Methods and Results— A prospective observational cohort study was conducted between June 2002 and January 2004 on 3021 patients consecutively and successfully treated in 5389 lesions with drug-eluting stents. Detailed patient information was collected on antiplatelet therapy. We analyzed the incidence of ST throughout the 18-month follow-up period and its relationship with thienopyridine therapy. ST occurred in 58 patients (1.9%) at 18 months. Forty-two patients (1.4%) experienced the event within 6 months of stent implantation. Acute myocardial infarction (fatal or nonfatal) occurred in 46 patients (79%) and death in 23 patients (39%) with ST. The median interval from discontinuation of thienopyridine therapy to ST was 13.5 days (interquartile range 5.2 to 25.7 days) for the first 6 months and 90 days (interquartile range 30 to 365 days) between 6 and 18 months. On multivariable analysis, the strongest predictor for ST within 6 months of stenting was discontinuation of thienopyridine therapy (hazard ratio, 13.74; 95% CI, 4.04 to 46.68; P<0.001).

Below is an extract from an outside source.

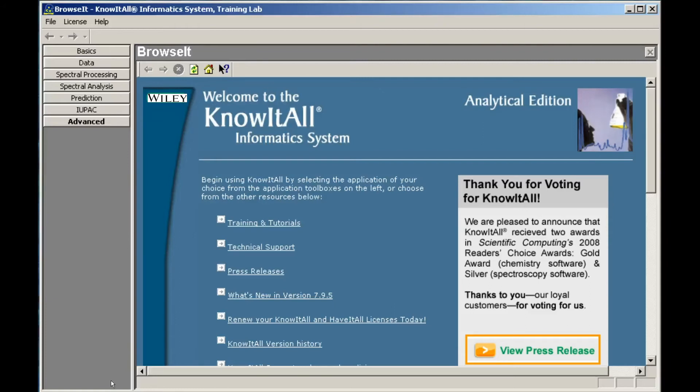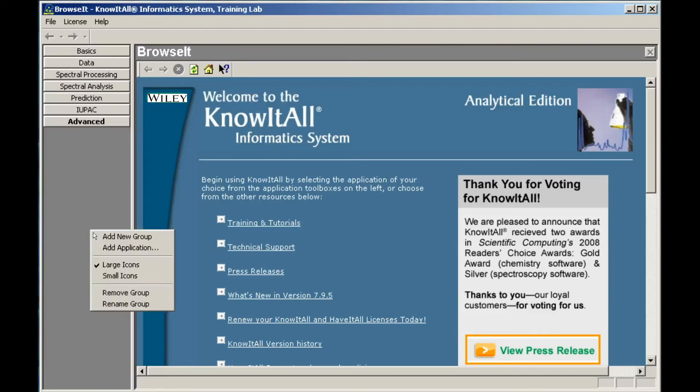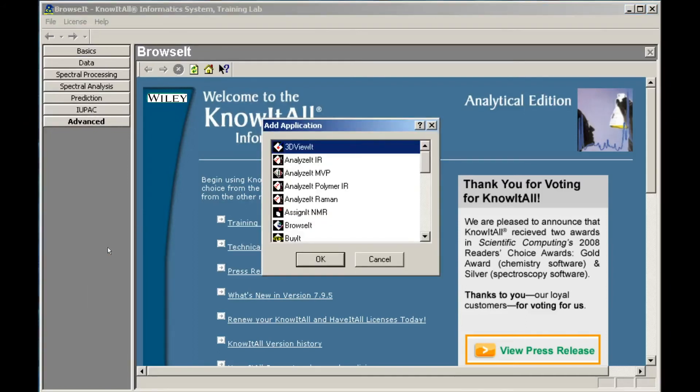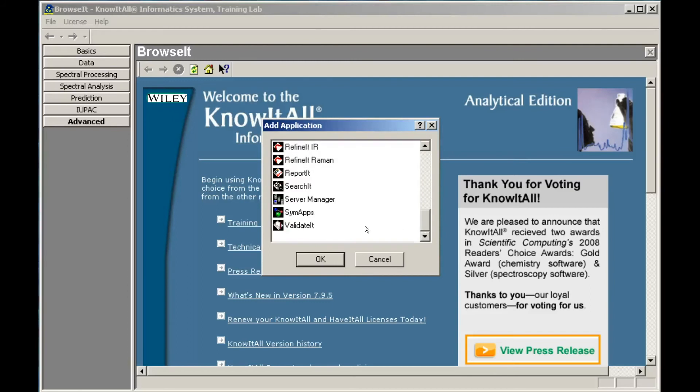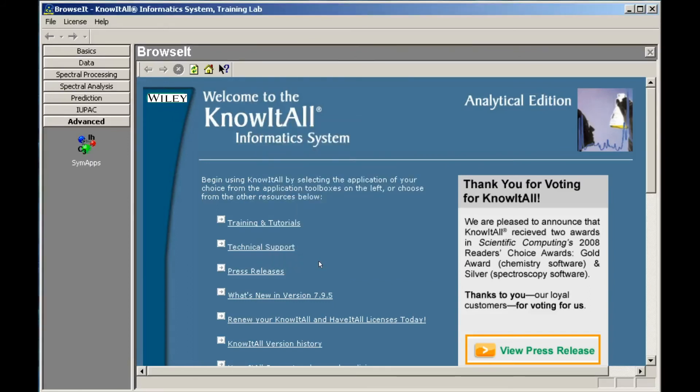To add applications to the new toolbox, right-click to open the pop-up menu, and choose Add Application. Select the application you wish to add, then click OK. The application has been added to the new toolbox.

Thienopyridine discontinuation after 6 months did not predict the occurrence of ST (hazard ratio, 0.94; 95% CI, 0.30 to 2.98; P=0.92).
Conclusions— Discontinuation of thienopyridine therapy was the major determinant of ST within the first 6 months, but insufficient information is available to determine whether there is benefit in continuing a thienopyridine beyond 6 months.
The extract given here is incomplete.